Certes, la forma­tion d’un couple peut, dans certains cas et avec prag­ma­tisme, permettre de régu­la­riser une situa­tion. Mais cette union peut tout à fait débou­cher sur une rela­tion amou­reuse ou amicale satis­fai­sante et sur laquelle il n’est demandé à nulle admi­nis­tra­tion de porter un juge­ment. Inver­se­ment, certaines rela­tions amou­reuses mixtes jugées trop impro­bables échouent car elles sont mises en doute par les administrations.

La recherche – comme ces films – suggèrent que les parcours migra­toires et conju­gaux sont multiples.

Annaëlle Piva
Chaire de Recherche du Canada sur les Dyna­miques migra­toires mondiales
Membre de l’équipe P.A.R.I.S (Pour l’Avancement des Recherches sur l’Interaction Spatiale), UMR Géogra­phie Cité, Paris.
Fellow au Dépar­te­ment Policy, Institut Conver­gences Migra­tions, Paris

Brooklyn Secret 

Réalisé par Isabel Sandoval 

USA-Philip­pines, 2019, 1h30, fiction, VOSTFR, JHR
Avec Isabel Sandoval, Eamon Farren, Lynn Cohen

Olivia travaille comme soignante auprès d’Olga, une grand-mère russe ashké­naze à Brooklyn.
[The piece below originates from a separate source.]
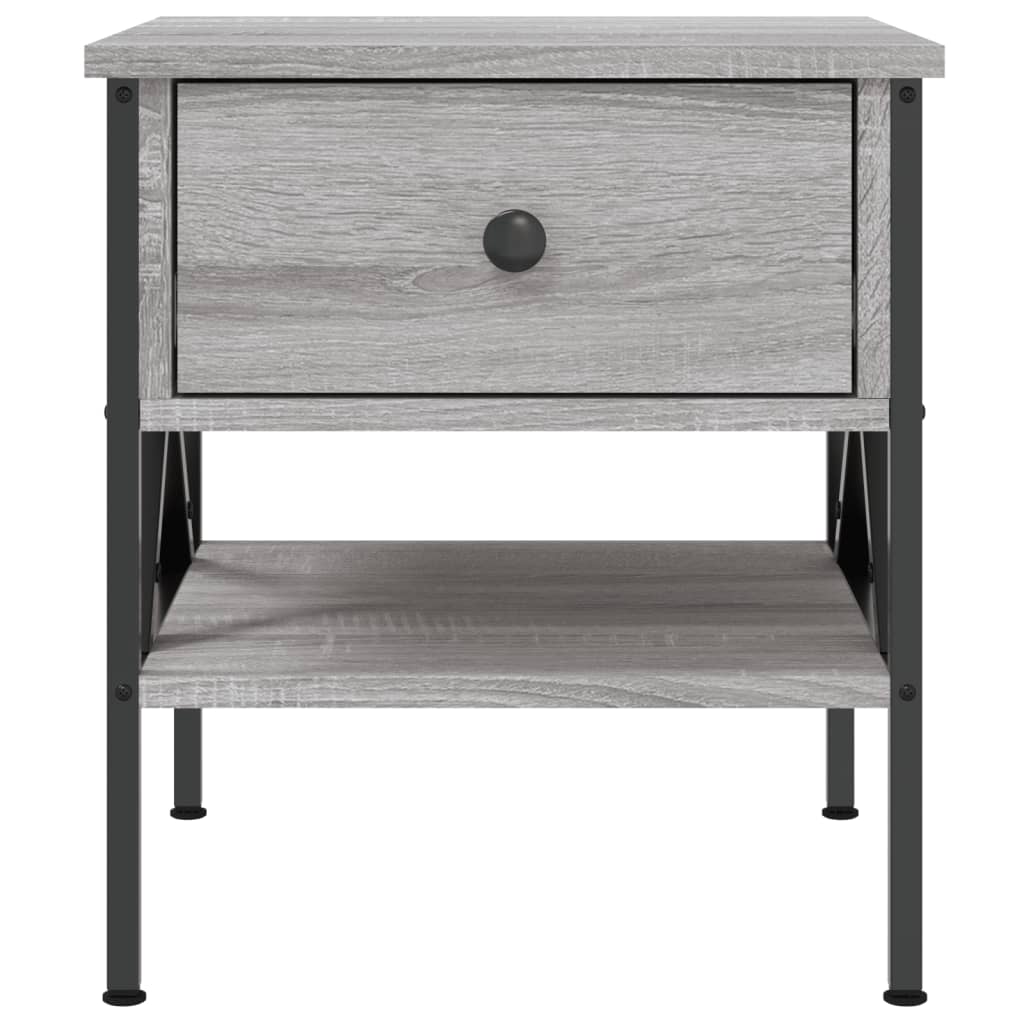 vidaXL Bedside Tables 2 pcs Grey Sonoma 40x42x45 cm Engineered Wood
Fragi­lisée par sa situa­tion d’immigrante philip­pine sans-papier, elle paie secrè­te­ment un Améri­cain pour orga­niser un mariage blanc. Alors que celui-ci se rétracte, elle rencontre Alex, le petit fils d’Olga, avec qui elle ose enfin vivre une véri­table histoire d’amour. Mais celle-ci se complique lorsque le jeune homme apprend qu’O­livia est transgenre…
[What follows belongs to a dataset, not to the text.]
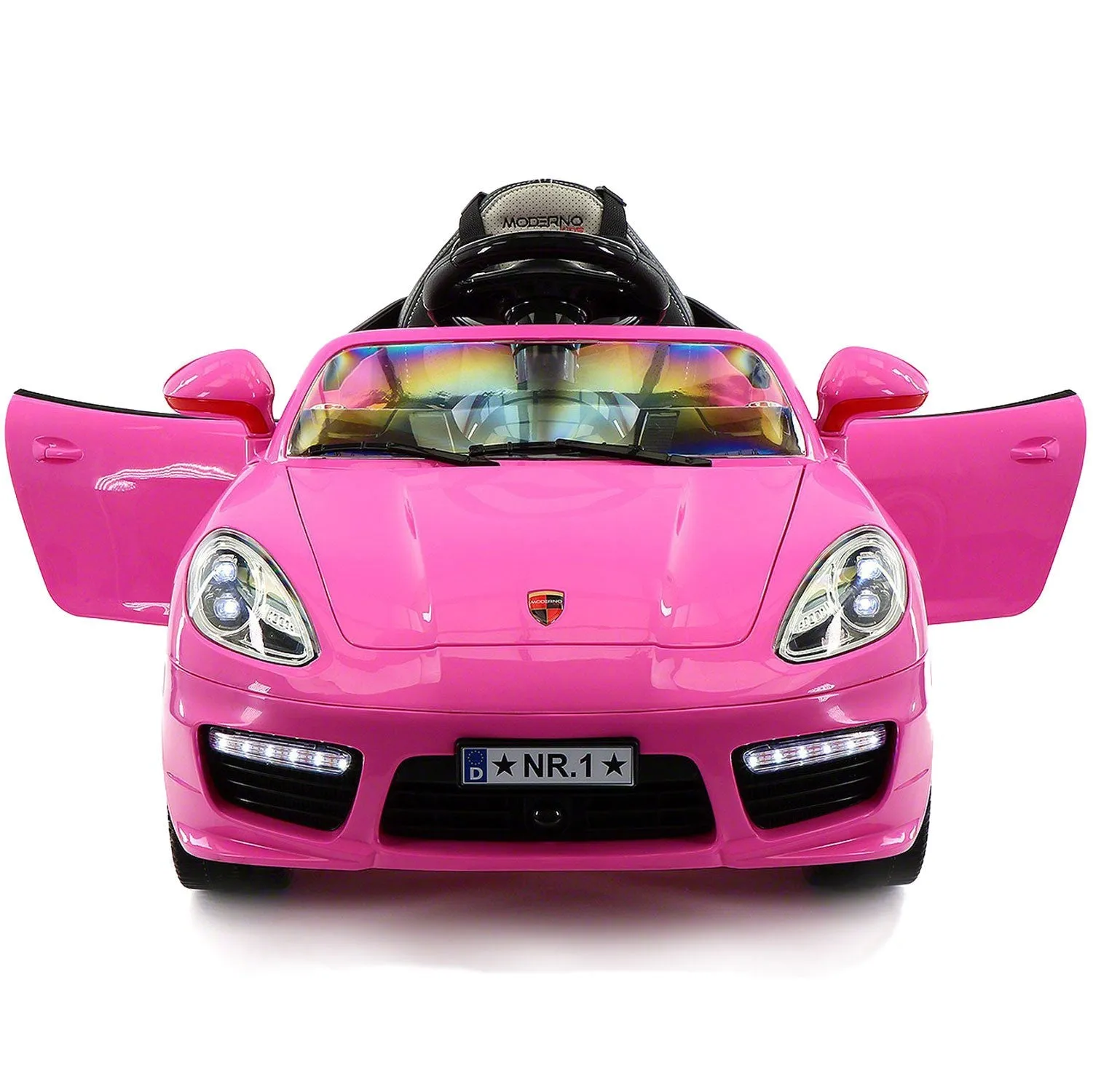 Kiddie Roadster 12v Kids Electric Ride-on Car With R/c Parental Remote | Pink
En présence de Blan­dine Destremau direc­trice de recherche en socio­logie. Elle copi­lote actuel­le­ment un projet d’ou­vrage Migra­tions, une chance pour notre système de soin.

Toni 

Réalisé par Jean Renoir 

Copie restaurée /​Avant-première

France, 1935, 1h25, fiction, VF, Tamasa
Projec­tion en avant première de la copie restaurée
Avec Charles Blavette, Célia Montalvan, Jenny Hélia

Immigré italien, Toni a trouvé du travail à Martigues où il tombe amou­reux de Josépha, d’origine espa­gnole, dont l’oncle est un petit proprié­taire pros­père. Josépha se marie avec Albert qui a surtout des vues sur la fortune de l’oncle. Lorsque ce dernier meurt, Josépha projette de s’emparer de ses richesses et de s’exiler en Amérique. Surprise par Albert, elle le tue. Lorsque Toni apprend que Josépha risque la prison, il s’accuse du meurtre. Il sera abattu par un chas­seur qui souhaite faire justice lui-même.

Jeudi 8 oct. 2020, 20h30 
Cin’Hoche, Bagnolet

En présence d’un fellow de l’Ins­titut Conver­gences Migrations.